It was the 6ft 5in striker who got on the end of Young's perfect in-swinging free kick in the 23rd minute. Steve Coppell claimed it was offside, although Reading had been provided with an indication from where the main threat may arrive. Of Villa's 40 goals this season 20 have come directly from a set piece. Put this stat alongside the fact that Reading have the leakiest defence in the Premier League and the home support were justified in anticipating such a breakthrough. But it came just a minute after the visitors should have scored.
Kevin Doyle did everything right in flicking the ball over Curtis Davies, but then everything wrong in sending the shot high into the Holte End with only Scott Carson to beat. Just before the break, Doyle's strike partner Dave Kitson dragged the ball wide when given the freedom of the left half of the Villa area.
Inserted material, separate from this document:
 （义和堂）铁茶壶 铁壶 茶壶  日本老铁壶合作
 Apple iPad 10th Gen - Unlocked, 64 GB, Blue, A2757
They were both let-offs for Villa, although in terms of getting away with it they were nothing compared to the generosity extended to Marcus Hahnemann by Uriah Rennie. The referee had already angered the ground with his constant fussiness but when he pulled out a yellow card for what so obviously had been a two-footed foul by the goalkeeper on Gabriel Agbonlahor the fury turned to disbelief.
It was one of those decisions that usually causes those predominant veins on O'Neill's forehead to twitch uncontrollably, but this time his blood pressure remained in the safety zone largely thanks to the excellent Laursen's unchallenged header in the 55th minute. That should have triggered party time, but for a while Villa disappeared into the kitchen as Reading banged on the door. Carson had to be sharp to turn away Brynjar Gunnarsson's header and Kitson watched another effort repelled.
Villa were soon in control again, and in the 88th minute Carew got his second when applying the finish to a sumptuous upfield move. There was time for James Harper to grab a consolation. But not much of one.